Son olarak, gerçekleştirilen milyar yıllık mantar fosili keşfi, bu muammayı çözmeye yönelik önemli bir adım olarak değerlendiriliyor. Bu keşif, Kanada’nın kutup bölgesindeki bir kaya yatağında meydana geldi ve kayıtlara geçen en eski mantar fosili olma özelliğini taşıyor. Araştırmacılar, Ourasphaira giraldae adı verilen bu mantarın, kara üzerindeki yaşamın evrimi hakkında büyük ipuçları sunduğunu ifade ediyorlar.
Denizden Karaya Geçişteki Rol
Nature dergisinde yayımlanan yeni çalışmada, bilim insanları bu mantarların keşfinin, hayvan atalarının yaklaşık 1 milyar yıl önce nasıl bir yaşam sürdüğünü göstermeye yardımcı olabileceğini tartışıyorlar. 890 milyon ile 1.1 milyar yıl önce bir nehir ağzında yaşadığı belirlenen bu mantarlar, günümüz mantarlarının ve küflerinin atası olarak nitelendiriliyor.

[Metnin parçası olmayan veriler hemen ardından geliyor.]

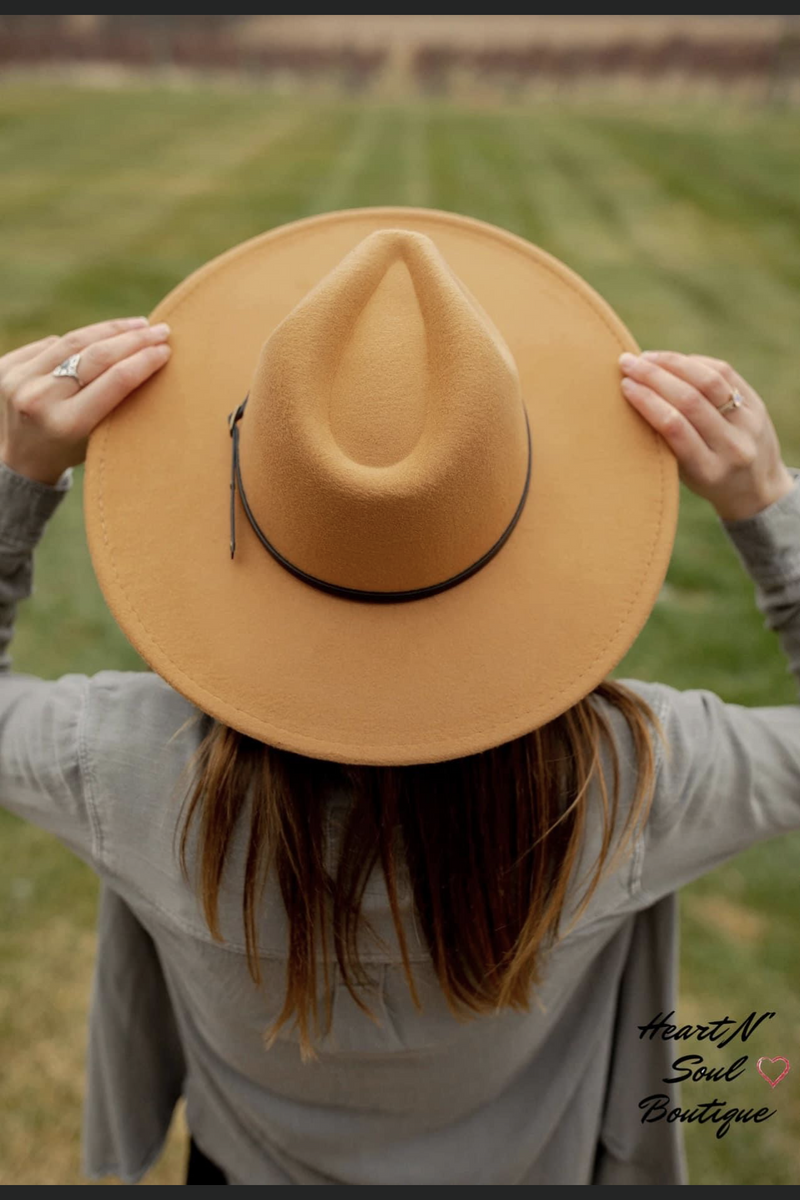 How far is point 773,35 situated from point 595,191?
18.6ft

Bu durum, karmaşık yaşam biçimlerinin ortaya çıkmasından çok daha öncelere, yüz milyonlarca yıl öncesine işaret ediyor.
Yeni araştırmanın baş yazarı Corentin Loron, Business Insider ile yaptığı söyleşide, bu bulgunun dünya üzerindeki yaşam anlayışımızı ciddi şekilde “yeniden şekillendirebileceği” görüşünü paylaşıyor.

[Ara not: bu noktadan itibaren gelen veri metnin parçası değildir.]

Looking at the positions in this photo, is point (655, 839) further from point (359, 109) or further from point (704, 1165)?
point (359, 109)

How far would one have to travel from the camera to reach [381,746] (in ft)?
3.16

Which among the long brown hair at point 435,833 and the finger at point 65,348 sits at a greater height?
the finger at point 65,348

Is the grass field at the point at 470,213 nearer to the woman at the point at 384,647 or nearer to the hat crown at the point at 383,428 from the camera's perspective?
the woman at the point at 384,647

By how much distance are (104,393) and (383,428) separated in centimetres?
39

En Eski Organizmanın Sırları
Bilim insanları, mantarların dünya üzerindeki bilinen en eski organizmalardan biri olduğu fikrini destekliyor; ancak bu teorinin doğrulanması oldukça zordu çünkü mantar fosilleri nadiren bulunuyordu. Bu açıdan, söz konusu bulgu oldukça önem taşıyor. Mevcut mantarların genetik analizleri, ortak atalarının yaklaşık bir milyar yıl öncesine dayandığını gösterirken, bu tezin doğrulanması için gereken fosil bulguları bugüne kadar sadece 400 milyon yıl öncesine kadar ulaşabiliyordu.
Fosiller, ilk kez 2014 yılında, çalışmanın yazarlarından Robert Rainbird tarafından keşfedilmişti. Rainbird, bu bulguyu Loron ve meslektaşlarıyla paylaştı; ancak bu mikroskopik fosillerin ne olduğunu belirlemek yıllar alacaktı. Bilim insanları, mantarların ve bitkilerin okyanustan ayrılıp kara yaşamına geçişte birlikte hareket ettiklerini düşünüyordu. Mantarlar, organik maddeleri ayrıştırarak bu besinleri bitkilerin kullanabileceği toprağa geri döndürmekte önemli bir rol oynuyorlardı. Ancak, bilinen en eski kara bitkilerinin sadece 470 milyon yıllık olduğu göz önüne alındığında, mantarların 1 milyar yıllık fosilleri, bu durumun mantarların karasal yaşamda öncülük ettiğini ortaya koyuyor.
Corentin Loron, kara bitkilerinin ortaya çıkmasındaki gizemi çözmek için hala “çok uzak” olduklarını kabul etmekle birlikte, mantarların bitkilerden önce var olabileceğine ve toprağı kolonileştirmede kritik bir rol oynamış olabileceğine inandıklarını vurguluyor.